▶ [Task objective]: Make an exact copy, from the records below, of the lines from the line containing "MenWomen The Frankie" to the line containing "NWT Wet Brush", both lines included, excluding pictures.

▶ [Task material]:

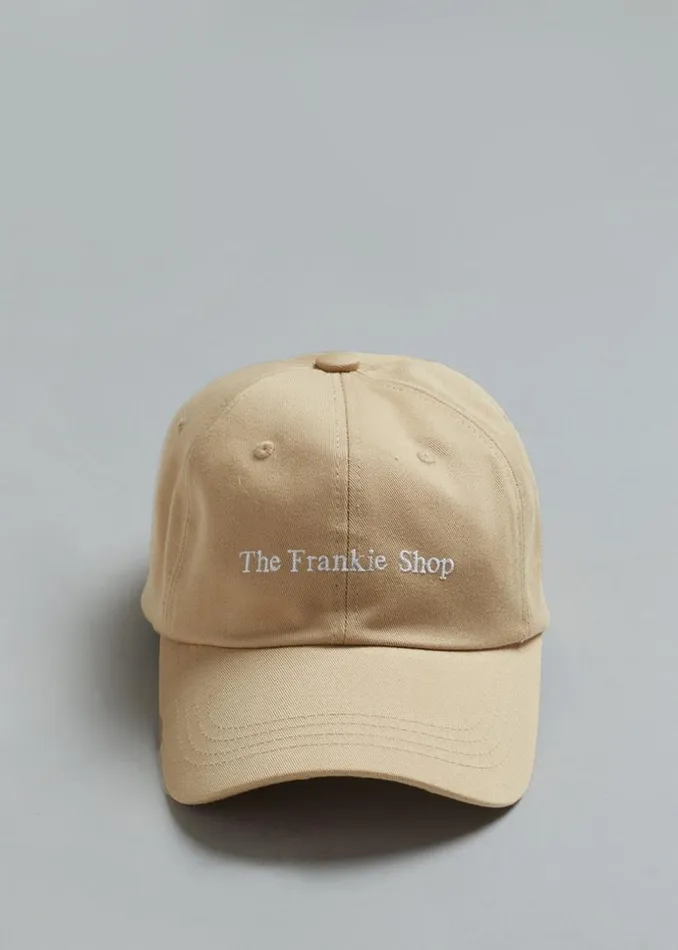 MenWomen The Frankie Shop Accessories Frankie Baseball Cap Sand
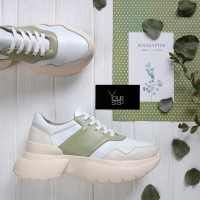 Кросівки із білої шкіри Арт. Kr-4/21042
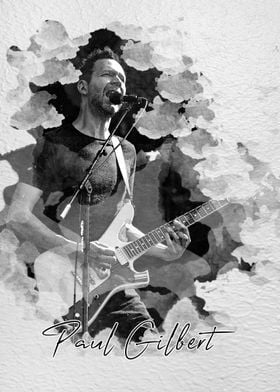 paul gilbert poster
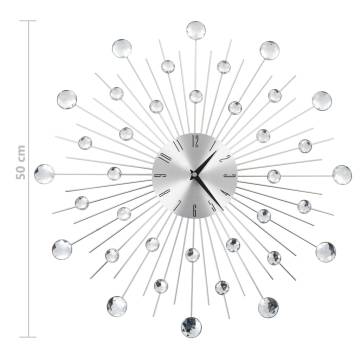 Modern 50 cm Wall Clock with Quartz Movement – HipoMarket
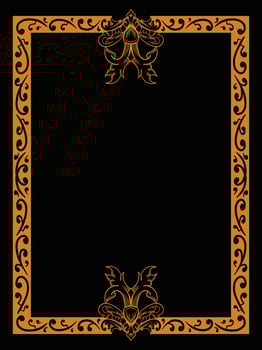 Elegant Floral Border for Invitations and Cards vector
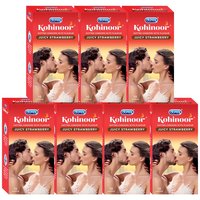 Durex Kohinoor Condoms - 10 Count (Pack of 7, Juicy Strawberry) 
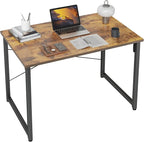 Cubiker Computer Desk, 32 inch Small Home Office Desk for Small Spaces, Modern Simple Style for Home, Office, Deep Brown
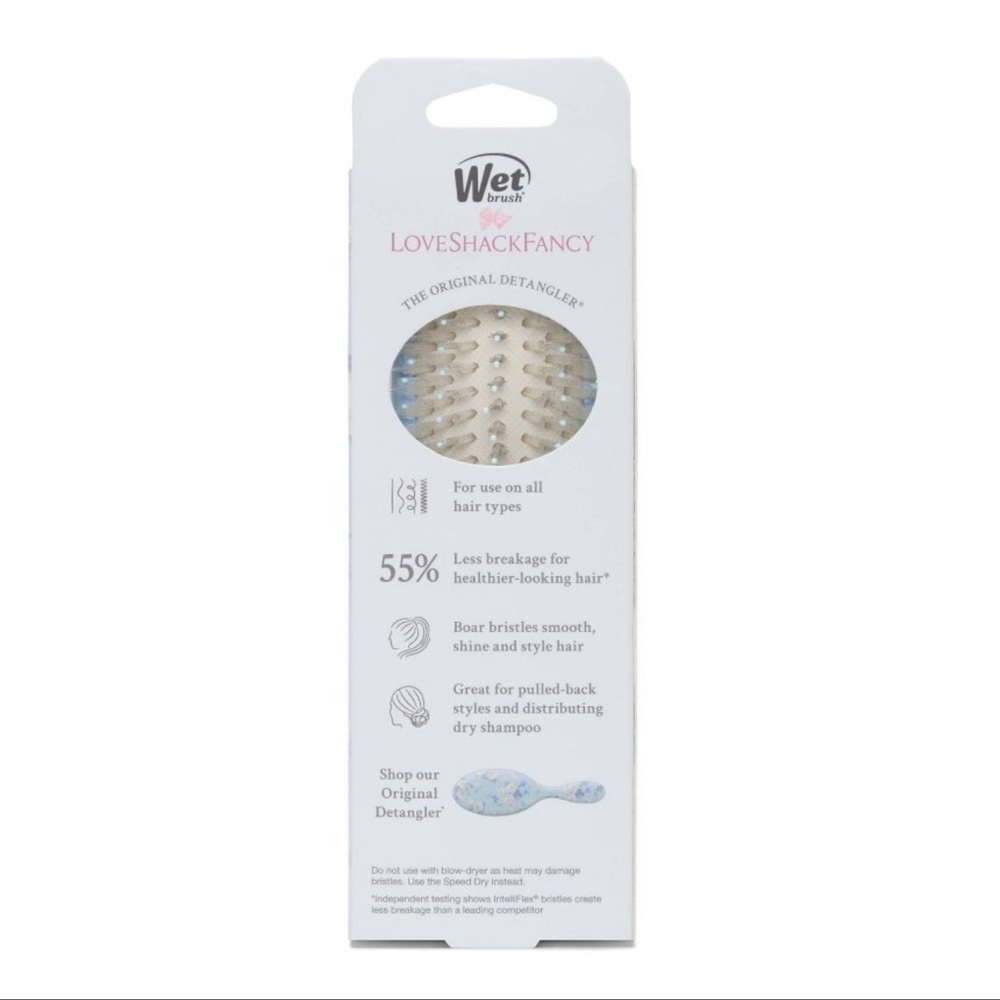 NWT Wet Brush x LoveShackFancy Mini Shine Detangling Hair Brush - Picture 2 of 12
--
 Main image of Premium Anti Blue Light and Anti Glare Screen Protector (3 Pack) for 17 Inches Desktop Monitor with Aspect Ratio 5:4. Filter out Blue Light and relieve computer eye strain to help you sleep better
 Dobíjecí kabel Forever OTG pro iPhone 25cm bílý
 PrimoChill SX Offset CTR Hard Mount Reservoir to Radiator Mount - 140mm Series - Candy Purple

▶ [Written response]:
 MenWomen The Frankie Shop Accessories Frankie Baseball Cap Sand
 Кросівки із білої шкіри Арт. Kr-4/21042
 paul gilbert poster
 Modern 50 cm Wall Clock with Quartz Movement – HipoMarket
 Elegant Floral Border for Invitations and Cards vector
 Durex Kohinoor Condoms - 10 Count (Pack of 7, Juicy Strawberry) 
 Cubiker Computer Desk, 32 inch Small Home Office Desk for Small Spaces, Modern Simple Style for Home, Office, Deep Brown
 NWT Wet Brush x LoveShackFancy Mini Shine Detangling Hair Brush - Picture 2 of 12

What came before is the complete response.